La nature même des pays indigènes exigeait que la colonie fût chose d’Etat. Il n’y a jamais eu en Afrique tropicale de bons sauvages, de naturels vertueux qui vécussent dans une anarchie heureuse. Les peuplades que nous appelons primitives possédaient un Etat qui réglait, avec une stricte minutie, les rapports entre les individus et le Pouvoir. Rien de moins favorable à l’individualisme que la vie en tribu. La colonie n’a été que la substitution d’un Etat à un autre. Elle n’a pu s’imposer aux pays qu’à la condition de leur apporter un autre Etat à la place de l’ancien. Et sous sa forme coloniale l’Etat apparaît aux pays africains comme il est apparu jadis aux provinces françaises d’Europe. Il rassemble les terres, centralise l’administration et cherche l’unité.

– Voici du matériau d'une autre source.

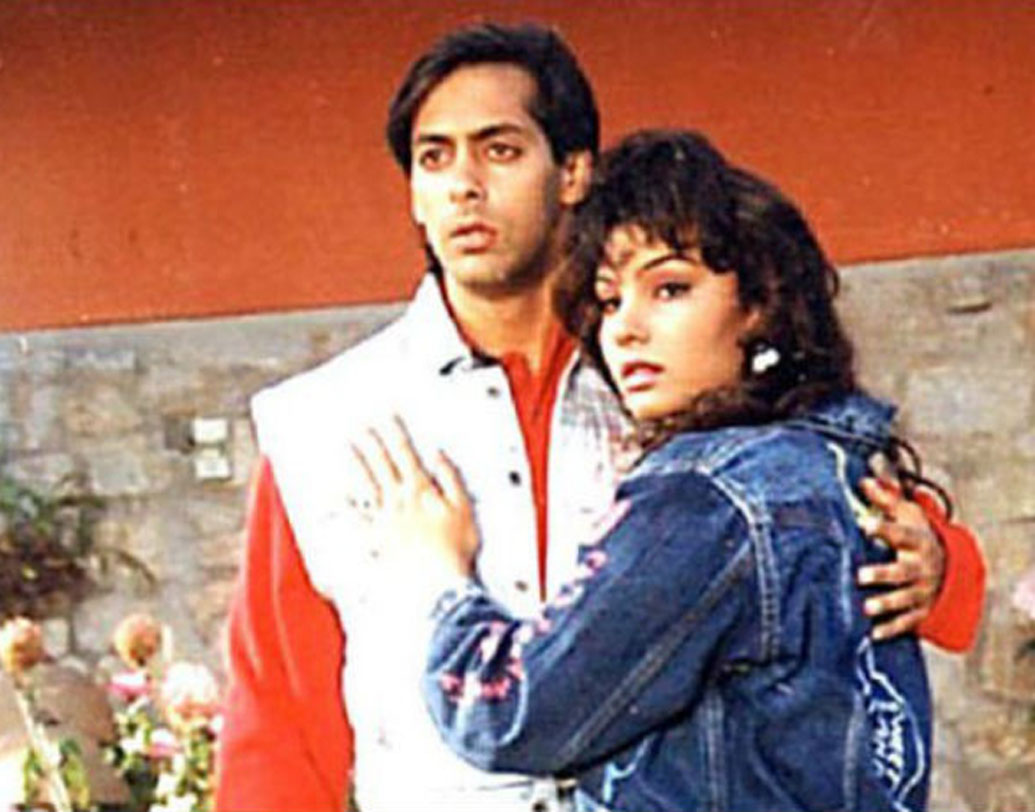 সোমির সঙ্গে সলমনের গভীর প্রেম ছিল, এমনটাই জানত বি টাউন। ১৯৯৯ সালে ঐশ্বর্য রাইয়ের সঙ্গে ‘হাম দিল দে চুকে সনম’ ছবির সেটে সলমনের ঘনিষ্ঠতার কারণেই নাকি সোমির সঙ্গে সলমনের দূরত্ব বেড়েছিল।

    Par la colonie, des pays africains sont tirés vers la notion d’Etat moderne…Dans aucune colonie du Tropique africain, l’Etat ne se borne au rôle de gendarme ; partout il s’essaie à celui de Providence …» (Service Africain 1946, page 45).

     En résumé, je serais tenté de dire qu’il est difficile d’analyser ce sujet avec pertinence, sans tenter de faire apparaître des similitudes et des différences entre les multiples formes de l’Etat colonial, sans oublier la dimension souvent religieuse de tous ces Etats, embryonnaires ou pas, qui ont meublé les empires, allant des sociétés animistes et magiques de la forêt tropicale aux grandes constructions théocratiques du Sahel, de l’Annam, ou de Madagascar, et dans le cas français, la cristallisation des Etats coloniaux dans les villes ou dans les territoires les plus accessibles et les plus acculturés.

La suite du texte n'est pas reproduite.